Our vision is to establish a permanent sanctuary where animals with exceptional needs have a home - forever. Through the experience of connecting with and caring for these animals, the lives of both animals and people will be improved.
Motley Zoo must relocate.
Motley Zoo's Mission Center Studio is currently a 7,500 square foot facility in the heart of downtown Redmond. This facility allows us to perform adoptions, helps centralize our operation, provides storage for supplies, and creates a location where we can gather and host events.
Beyond this, our Mission Center Studio also gives us the ability to raise funds for our animals through Rock Star Treatment Services, which include dog daycare, training and boarding, available to the community.
The future of our Mission Center Studio is uncertain.
Redmond is a city that changes by the minute with constant development. Our building is right in the path of the new light rail line to improve public transportation. This major advancement for the community as a whole - unfortunately, puts our mission at risk.
Why a facility?
As a foster-based rescue, we started this mission without a facility. We operated virtually which worked in some ways, but ultimately hindered our capacity to connect with the community.
We believed that a facility was necessary to achieve our vision for this mission. We also knew the facility needed to be a source of revenue, not just a roof over our heads. Although our concept had never been done before, we envisioned a unique system to advance our mission.
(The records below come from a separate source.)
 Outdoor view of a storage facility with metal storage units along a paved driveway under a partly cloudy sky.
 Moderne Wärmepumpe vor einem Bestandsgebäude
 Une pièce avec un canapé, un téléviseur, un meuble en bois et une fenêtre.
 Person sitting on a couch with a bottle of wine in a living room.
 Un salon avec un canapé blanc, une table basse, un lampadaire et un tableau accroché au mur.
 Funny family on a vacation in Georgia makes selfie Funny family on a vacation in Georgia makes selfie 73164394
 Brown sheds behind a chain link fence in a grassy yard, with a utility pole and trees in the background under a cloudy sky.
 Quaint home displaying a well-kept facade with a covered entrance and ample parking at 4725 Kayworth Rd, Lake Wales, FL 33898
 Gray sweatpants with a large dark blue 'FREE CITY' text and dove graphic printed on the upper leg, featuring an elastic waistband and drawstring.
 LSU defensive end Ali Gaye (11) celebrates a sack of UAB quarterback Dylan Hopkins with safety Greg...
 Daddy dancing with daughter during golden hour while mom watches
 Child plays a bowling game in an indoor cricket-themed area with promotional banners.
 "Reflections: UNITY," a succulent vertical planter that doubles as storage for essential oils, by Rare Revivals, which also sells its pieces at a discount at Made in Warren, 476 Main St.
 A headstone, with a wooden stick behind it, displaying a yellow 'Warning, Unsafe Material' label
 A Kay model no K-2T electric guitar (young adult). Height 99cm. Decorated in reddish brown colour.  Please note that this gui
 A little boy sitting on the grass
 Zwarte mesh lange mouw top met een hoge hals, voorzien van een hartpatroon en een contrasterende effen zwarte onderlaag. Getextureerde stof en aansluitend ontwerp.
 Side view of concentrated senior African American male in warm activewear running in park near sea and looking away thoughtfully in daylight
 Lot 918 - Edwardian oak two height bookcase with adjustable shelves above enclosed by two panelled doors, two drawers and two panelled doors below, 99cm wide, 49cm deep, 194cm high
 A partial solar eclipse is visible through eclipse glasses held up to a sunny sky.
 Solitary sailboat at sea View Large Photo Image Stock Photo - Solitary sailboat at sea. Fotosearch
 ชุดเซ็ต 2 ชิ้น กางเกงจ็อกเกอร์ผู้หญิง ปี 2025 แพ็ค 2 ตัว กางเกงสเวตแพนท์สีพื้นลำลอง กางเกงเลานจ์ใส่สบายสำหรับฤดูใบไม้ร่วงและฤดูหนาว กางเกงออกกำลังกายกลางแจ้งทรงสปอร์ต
We are proud to say that we have achieved our goal in that regard - and those accomplishments would have been have been impossible as a virtual organization. This is why a physical location is so important to the continued success and longevity of Motley Zoo.
Without a facility, we would lose many facets and efficiencies of our unique mission- as well as a critical stream of revenue from Rock Star Treatment Services.
It is critical that Motley Zoo establish a permanent location before we are required to vacate our current building, so that we can continue our critical work without disruption.
Response: Motley Zoo must have a location with unlimited growth potential
Motley Zoo must relocate to property that supports our current mission and allows for future growth- indefinitely. This vision encompasses the fundamentals of supporting the rescue mission and continuing the established services that provide financial support to our cause. Besides that, we need to expand to accommodate special animals permanently - where we can allow them to live out their lives with dignity.
They deserve to live!
While we currently take in numerous animals with special needs/ accommodations, we are still limited by our foster system- and what animals people are willing to care for. Our current rescue animals have a home with us unless or until they get adopted; this does not include knowingly taking on animals whose challenges offer permanent barriers to adoption.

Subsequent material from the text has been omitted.